▶ **COLLECTED DATA**
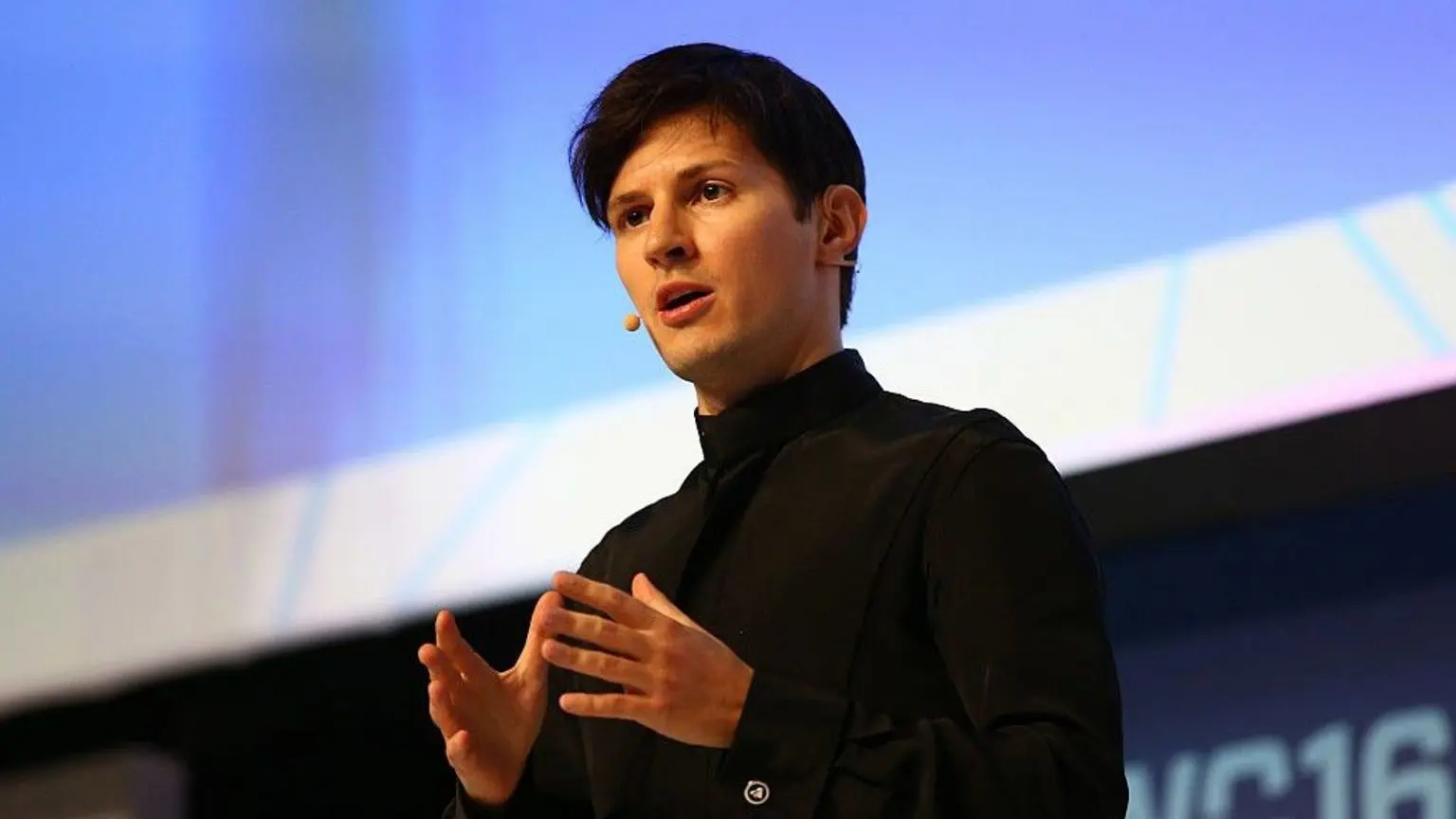 Telegram сообщает, что арестованному генеральному директору Дурову «нечего скрывать» 1 Павел Дуров выступает с программной речью на Всемирном мобильном конгрессе в Барселоне, Испания, в 2016 году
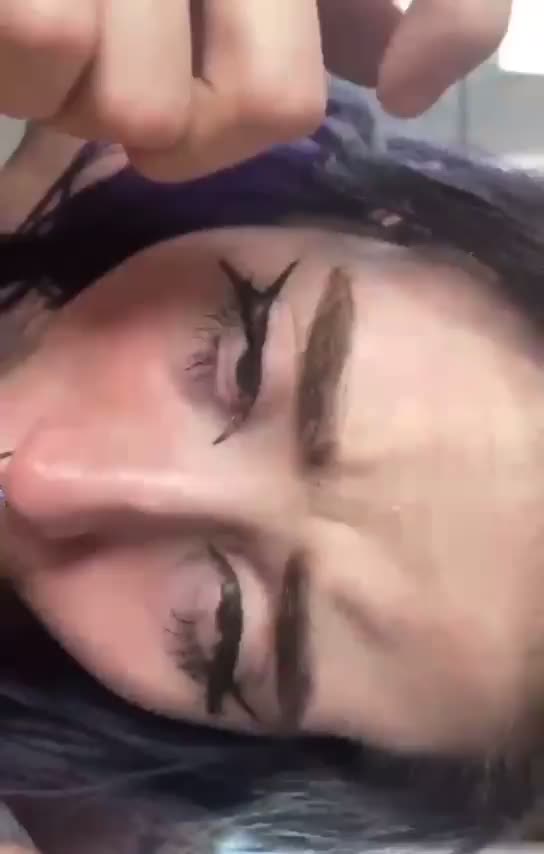 learning to breathe with cock down her throat : video clip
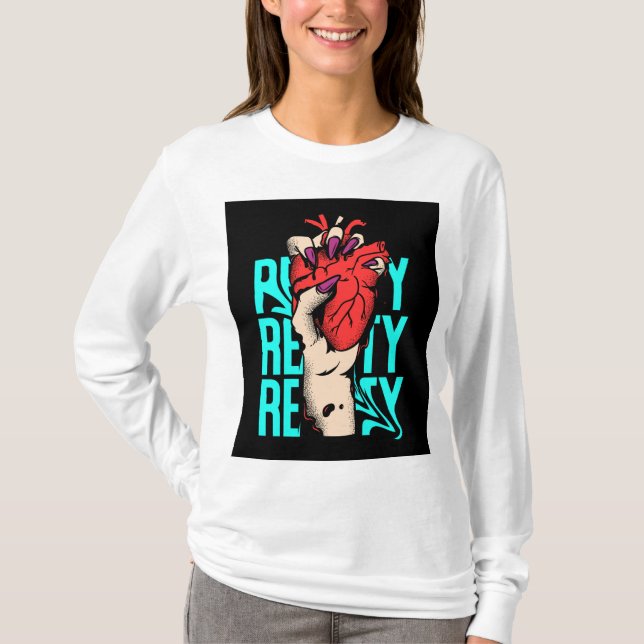 "Chic Comfort: Women's T-Shirt Collection" (Framsida)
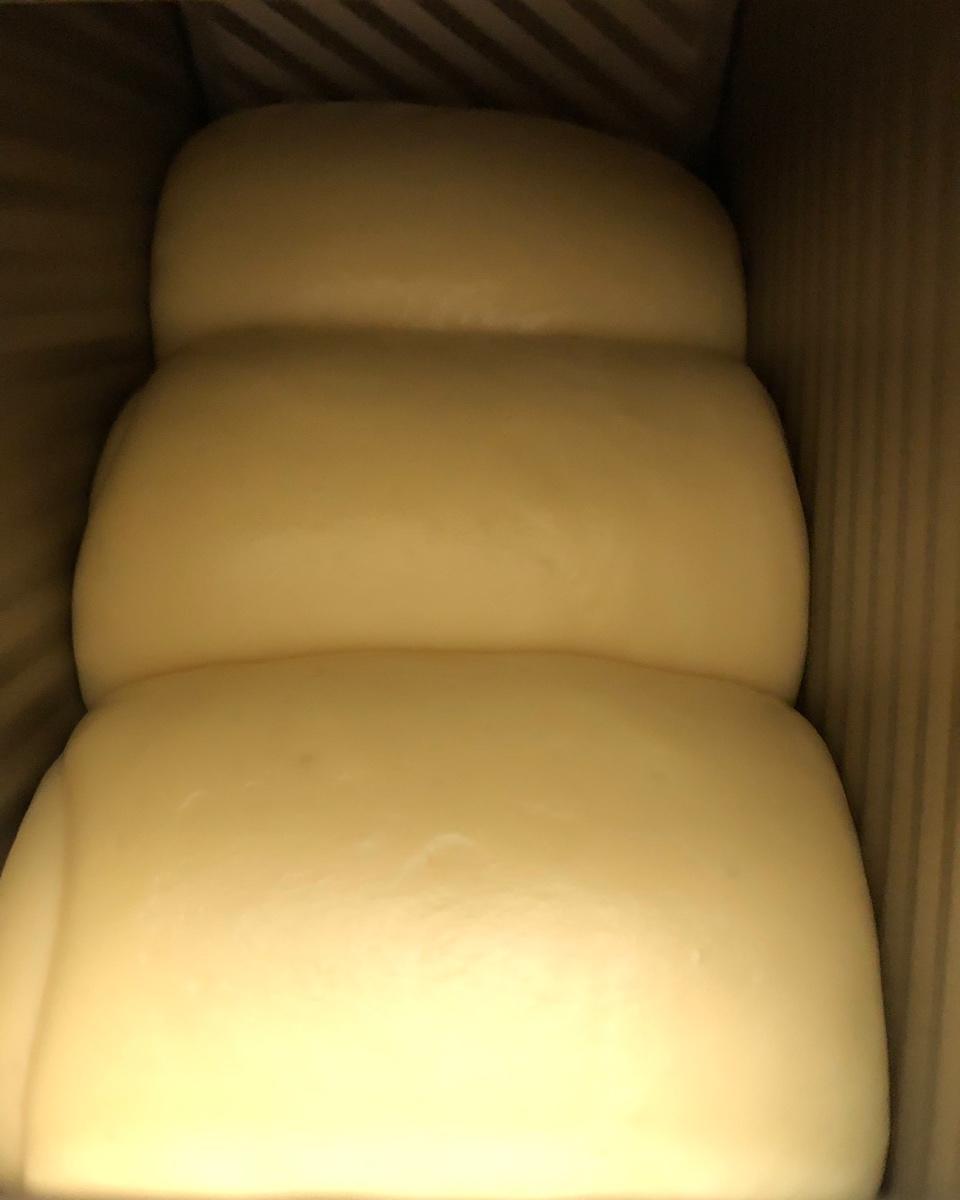 吐司，奶香手撕面包，超级香浓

▶ **WHAT IS NEEDED**
Copy out the listing word for word and skip its pictures.

▶ **RESPONSE TO THE TASK**
 Telegram сообщает, что арестованному генеральному директору Дурову «нечего скрывать» 1 Павел Дуров выступает с программной речью на Всемирном мобильном конгрессе в Барселоне, Испания, в 2016 году
 learning to breathe with cock down her throat : video clip
 "Chic Comfort: Women's T-Shirt Collection" (Framsida)
 吐司，奶香手撕面包，超级香浓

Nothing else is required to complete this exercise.